Problem details => The stretch from the line with "Punk Shoulder Brooch" through the line with "Pickleball verjaardagsfeestje thema" in the records below: write it out exactly, and nothing else.

Given data =>
· · ·

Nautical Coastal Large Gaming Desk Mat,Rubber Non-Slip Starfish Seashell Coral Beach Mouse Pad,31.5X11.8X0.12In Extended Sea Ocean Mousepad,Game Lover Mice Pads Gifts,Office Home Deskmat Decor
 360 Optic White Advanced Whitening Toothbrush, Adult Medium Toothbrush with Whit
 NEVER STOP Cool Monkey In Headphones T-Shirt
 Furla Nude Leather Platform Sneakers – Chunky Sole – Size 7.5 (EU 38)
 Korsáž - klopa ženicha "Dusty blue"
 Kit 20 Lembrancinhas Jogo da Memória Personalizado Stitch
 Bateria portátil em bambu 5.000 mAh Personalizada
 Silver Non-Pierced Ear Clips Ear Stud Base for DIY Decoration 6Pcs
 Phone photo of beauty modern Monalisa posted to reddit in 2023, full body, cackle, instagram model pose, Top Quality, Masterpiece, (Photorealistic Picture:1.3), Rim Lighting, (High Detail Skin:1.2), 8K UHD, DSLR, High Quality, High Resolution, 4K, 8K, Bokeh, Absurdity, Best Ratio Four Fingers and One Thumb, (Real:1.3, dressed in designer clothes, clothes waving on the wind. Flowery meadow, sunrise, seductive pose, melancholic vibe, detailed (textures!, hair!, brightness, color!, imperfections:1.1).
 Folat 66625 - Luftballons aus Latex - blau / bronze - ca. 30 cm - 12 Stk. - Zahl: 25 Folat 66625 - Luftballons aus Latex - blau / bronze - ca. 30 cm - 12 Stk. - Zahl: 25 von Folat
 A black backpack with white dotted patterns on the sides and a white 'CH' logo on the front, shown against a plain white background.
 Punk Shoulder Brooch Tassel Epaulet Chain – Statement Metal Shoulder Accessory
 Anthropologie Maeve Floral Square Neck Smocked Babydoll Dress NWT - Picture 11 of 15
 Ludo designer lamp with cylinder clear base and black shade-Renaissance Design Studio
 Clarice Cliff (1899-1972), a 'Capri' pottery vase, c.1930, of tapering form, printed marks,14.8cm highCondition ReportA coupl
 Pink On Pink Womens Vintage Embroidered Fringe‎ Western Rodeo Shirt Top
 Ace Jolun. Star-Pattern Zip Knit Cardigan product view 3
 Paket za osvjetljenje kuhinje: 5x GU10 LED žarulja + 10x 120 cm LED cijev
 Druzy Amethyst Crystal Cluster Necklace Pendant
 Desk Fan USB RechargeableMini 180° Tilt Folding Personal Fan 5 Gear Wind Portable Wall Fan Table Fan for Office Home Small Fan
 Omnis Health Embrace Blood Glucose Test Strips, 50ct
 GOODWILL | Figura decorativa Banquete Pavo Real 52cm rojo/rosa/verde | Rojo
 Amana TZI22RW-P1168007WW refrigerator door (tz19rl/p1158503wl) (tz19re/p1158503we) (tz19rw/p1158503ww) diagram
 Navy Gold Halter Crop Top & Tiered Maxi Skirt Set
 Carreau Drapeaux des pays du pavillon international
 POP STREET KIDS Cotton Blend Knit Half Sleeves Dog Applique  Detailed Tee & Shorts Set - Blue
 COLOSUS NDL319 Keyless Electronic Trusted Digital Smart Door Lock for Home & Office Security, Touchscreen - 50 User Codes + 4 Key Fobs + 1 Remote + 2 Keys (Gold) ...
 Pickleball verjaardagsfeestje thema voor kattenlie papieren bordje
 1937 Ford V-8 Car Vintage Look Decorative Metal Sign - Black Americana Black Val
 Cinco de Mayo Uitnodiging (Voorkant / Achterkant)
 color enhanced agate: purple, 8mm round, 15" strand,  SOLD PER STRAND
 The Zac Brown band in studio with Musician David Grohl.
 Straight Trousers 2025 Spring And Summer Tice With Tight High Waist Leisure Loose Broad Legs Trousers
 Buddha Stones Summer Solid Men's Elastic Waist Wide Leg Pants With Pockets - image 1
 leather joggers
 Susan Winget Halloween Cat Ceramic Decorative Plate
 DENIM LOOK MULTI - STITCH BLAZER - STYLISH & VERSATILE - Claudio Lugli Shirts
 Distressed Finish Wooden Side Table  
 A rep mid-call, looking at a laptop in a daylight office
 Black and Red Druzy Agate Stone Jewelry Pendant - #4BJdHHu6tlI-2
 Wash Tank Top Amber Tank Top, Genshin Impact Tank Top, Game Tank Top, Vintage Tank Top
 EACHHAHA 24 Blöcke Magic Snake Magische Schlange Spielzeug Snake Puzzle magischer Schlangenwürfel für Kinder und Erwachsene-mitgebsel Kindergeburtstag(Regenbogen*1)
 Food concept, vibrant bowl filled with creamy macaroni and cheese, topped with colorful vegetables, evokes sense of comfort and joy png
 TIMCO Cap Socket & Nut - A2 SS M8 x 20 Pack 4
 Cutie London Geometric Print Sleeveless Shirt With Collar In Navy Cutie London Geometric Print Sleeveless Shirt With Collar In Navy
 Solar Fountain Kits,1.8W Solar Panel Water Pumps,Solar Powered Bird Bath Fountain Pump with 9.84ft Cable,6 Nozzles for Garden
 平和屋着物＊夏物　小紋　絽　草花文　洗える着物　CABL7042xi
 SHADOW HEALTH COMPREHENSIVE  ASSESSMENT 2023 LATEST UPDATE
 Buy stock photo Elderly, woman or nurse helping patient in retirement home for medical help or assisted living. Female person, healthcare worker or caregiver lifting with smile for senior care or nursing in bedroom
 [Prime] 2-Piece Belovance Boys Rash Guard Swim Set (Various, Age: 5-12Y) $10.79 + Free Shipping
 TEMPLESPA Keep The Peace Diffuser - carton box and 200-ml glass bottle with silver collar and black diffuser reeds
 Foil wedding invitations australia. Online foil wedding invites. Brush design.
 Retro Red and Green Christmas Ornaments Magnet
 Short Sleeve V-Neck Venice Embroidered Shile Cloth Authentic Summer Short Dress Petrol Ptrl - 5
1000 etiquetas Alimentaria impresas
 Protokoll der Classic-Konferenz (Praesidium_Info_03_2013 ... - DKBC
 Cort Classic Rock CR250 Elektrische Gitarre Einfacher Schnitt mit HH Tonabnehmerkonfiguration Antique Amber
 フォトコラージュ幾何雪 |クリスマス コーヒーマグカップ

· · ·

Result of this task =>
 Punk Shoulder Brooch Tassel Epaulet Chain – Statement Metal Shoulder Accessory
 Anthropologie Maeve Floral Square Neck Smocked Babydoll Dress NWT - Picture 11 of 15
 Ludo designer lamp with cylinder clear base and black shade-Renaissance Design Studio
 Clarice Cliff (1899-1972), a 'Capri' pottery vase, c.1930, of tapering form, printed marks,14.8cm highCondition ReportA coupl
 Pink On Pink Womens Vintage Embroidered Fringe‎ Western Rodeo Shirt Top
 Ace Jolun. Star-Pattern Zip Knit Cardigan product view 3
 Paket za osvjetljenje kuhinje: 5x GU10 LED žarulja + 10x 120 cm LED cijev
 Druzy Amethyst Crystal Cluster Necklace Pendant
 Desk Fan USB RechargeableMini 180° Tilt Folding Personal Fan 5 Gear Wind Portable Wall Fan Table Fan for Office Home Small Fan
 Omnis Health Embrace Blood Glucose Test Strips, 50ct
 GOODWILL | Figura decorativa Banquete Pavo Real 52cm rojo/rosa/verde | Rojo
 Amana TZI22RW-P1168007WW refrigerator door (tz19rl/p1158503wl) (tz19re/p1158503we) (tz19rw/p1158503ww) diagram
 Navy Gold Halter Crop Top & Tiered Maxi Skirt Set
 Carreau Drapeaux des pays du pavillon international
 POP STREET KIDS Cotton Blend Knit Half Sleeves Dog Applique  Detailed Tee & Shorts Set - Blue
 COLOSUS NDL319 Keyless Electronic Trusted Digital Smart Door Lock for Home & Office Security, Touchscreen - 50 User Codes + 4 Key Fobs + 1 Remote + 2 Keys (Gold) ...
 Pickleball verjaardagsfeestje thema voor kattenlie papieren bordje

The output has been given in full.